> _ABOUT THIS TASK_: The whole listing, apart from its images, should be restated word for word.

> _PROVIDED DATA_:
-=-=-=-=-

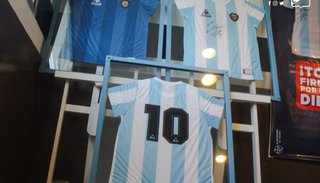 Gran demanda para la rifa de 3 camisetas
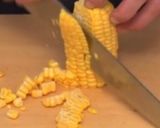 とうもろこしとズッキーニの味噌汁作り方2写真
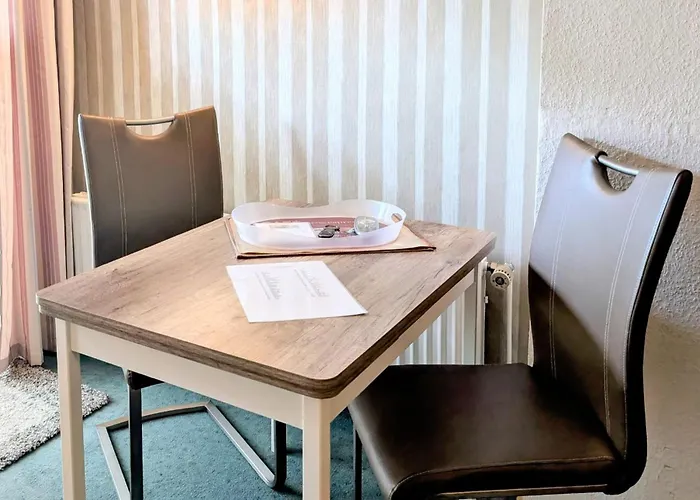 Nr 1 Im Haus Sabine Браунлаге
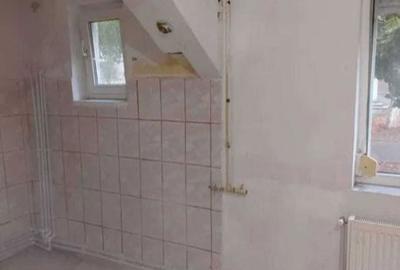 Apartament cu 2 camere decomandat în Central - 1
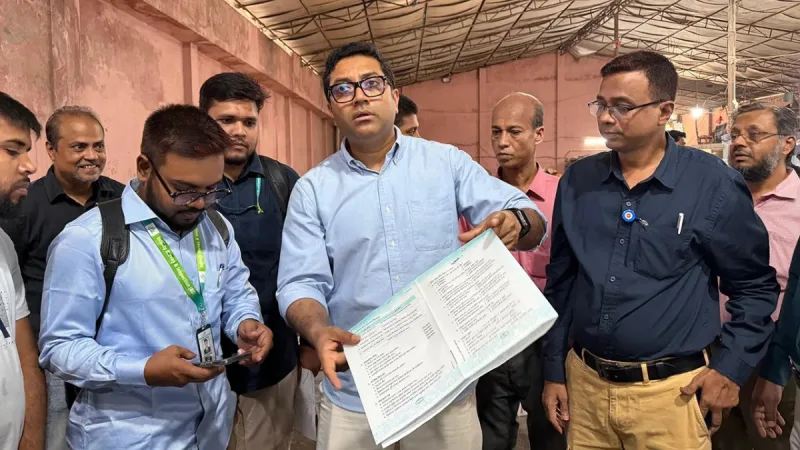 ববি হাজ্জাজ: ৫ নভেম্বরের মধ্যে প্রাথমিক বিদ্যালয়ের বই সরবরাহের নির্দেশ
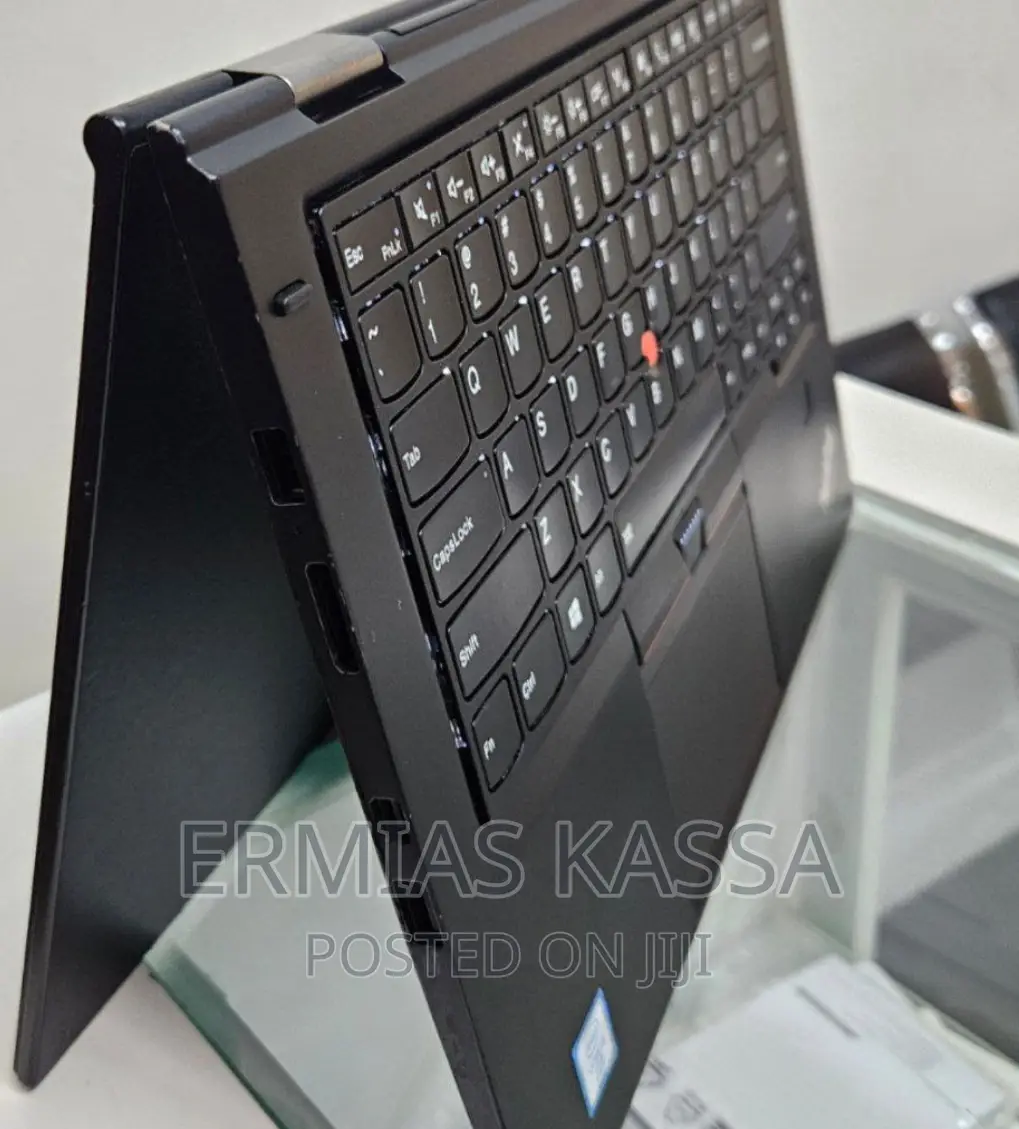 New Laptop Lenovo Thinkpad X1 Yoga 8GB Intel Core I5 SSD 256GB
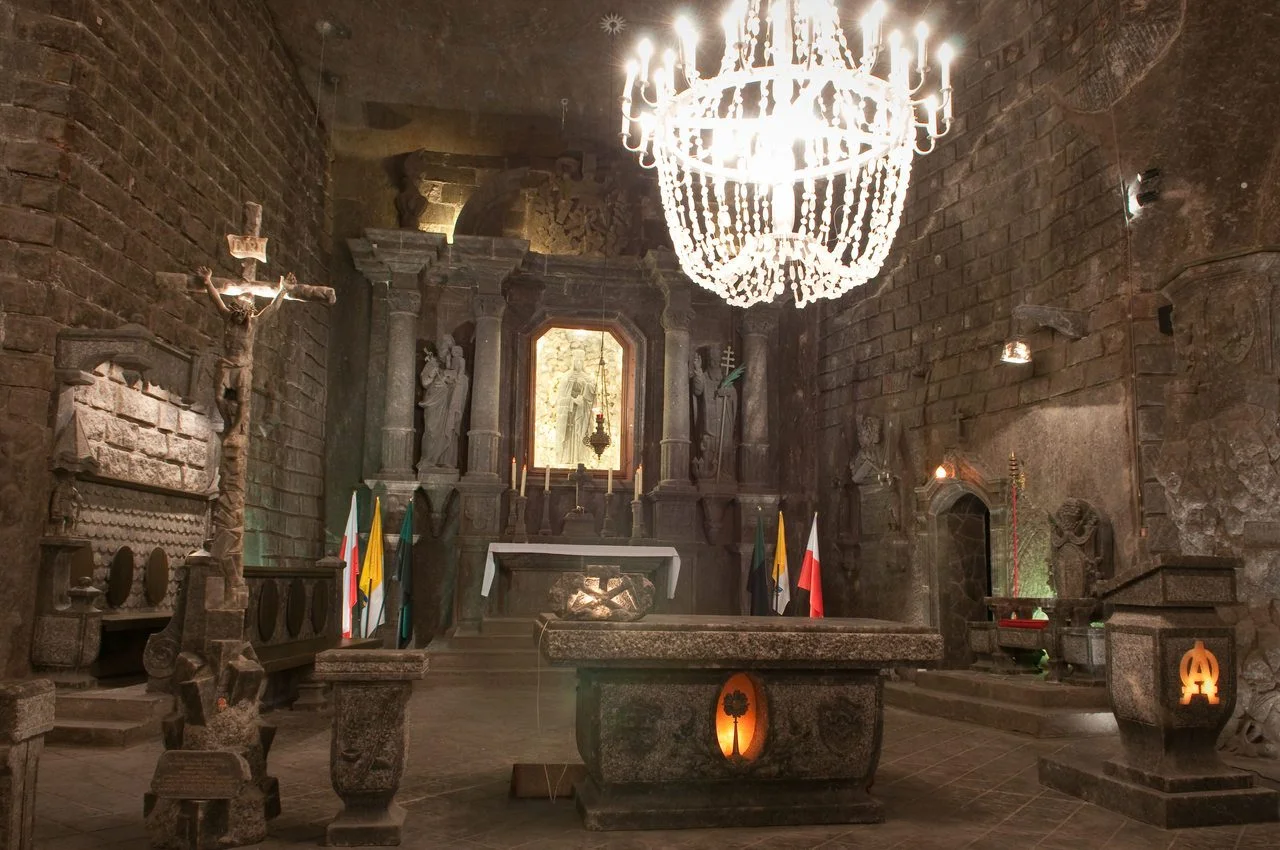 Altar in the Wieliczka Salt mine. UNESCO World Heritage Site_Easy-Resize.com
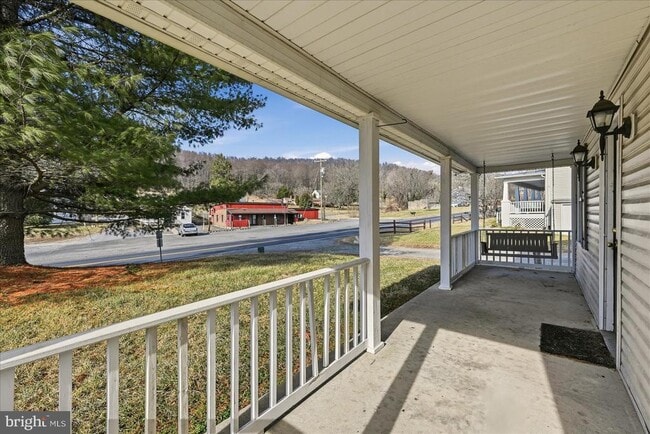 Building Photo - 37127 Butts Ln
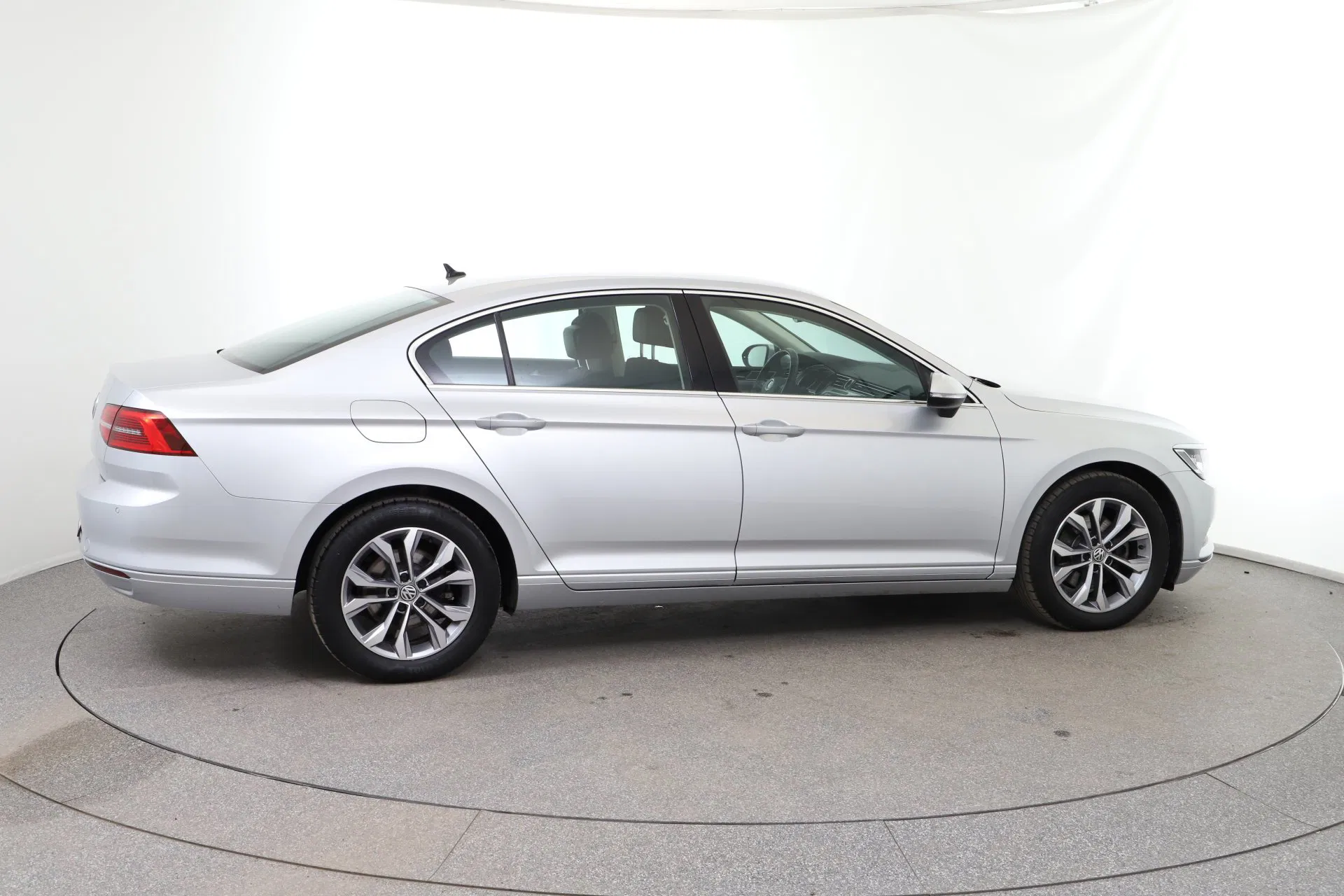 VW Passat 1.6 TDI BMT Comfortline | Bild 7 von 29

-=-=-=-=-

> _YOUR SOLUTION_:
 Gran demanda para la rifa de 3 camisetas
 とうもろこしとズッキーニの味噌汁作り方2写真
 Nr 1 Im Haus Sabine Браунлаге
 Apartament cu 2 camere decomandat în Central - 1
 ববি হাজ্জাজ: ৫ নভেম্বরের মধ্যে প্রাথমিক বিদ্যালয়ের বই সরবরাহের নির্দেশ
 New Laptop Lenovo Thinkpad X1 Yoga 8GB Intel Core I5 SSD 256GB
 Altar in the Wieliczka Salt mine. UNESCO World Heritage Site_Easy-Resize.com
 Building Photo - 37127 Butts Ln
 VW Passat 1.6 TDI BMT Comfortline | Bild 7 von 29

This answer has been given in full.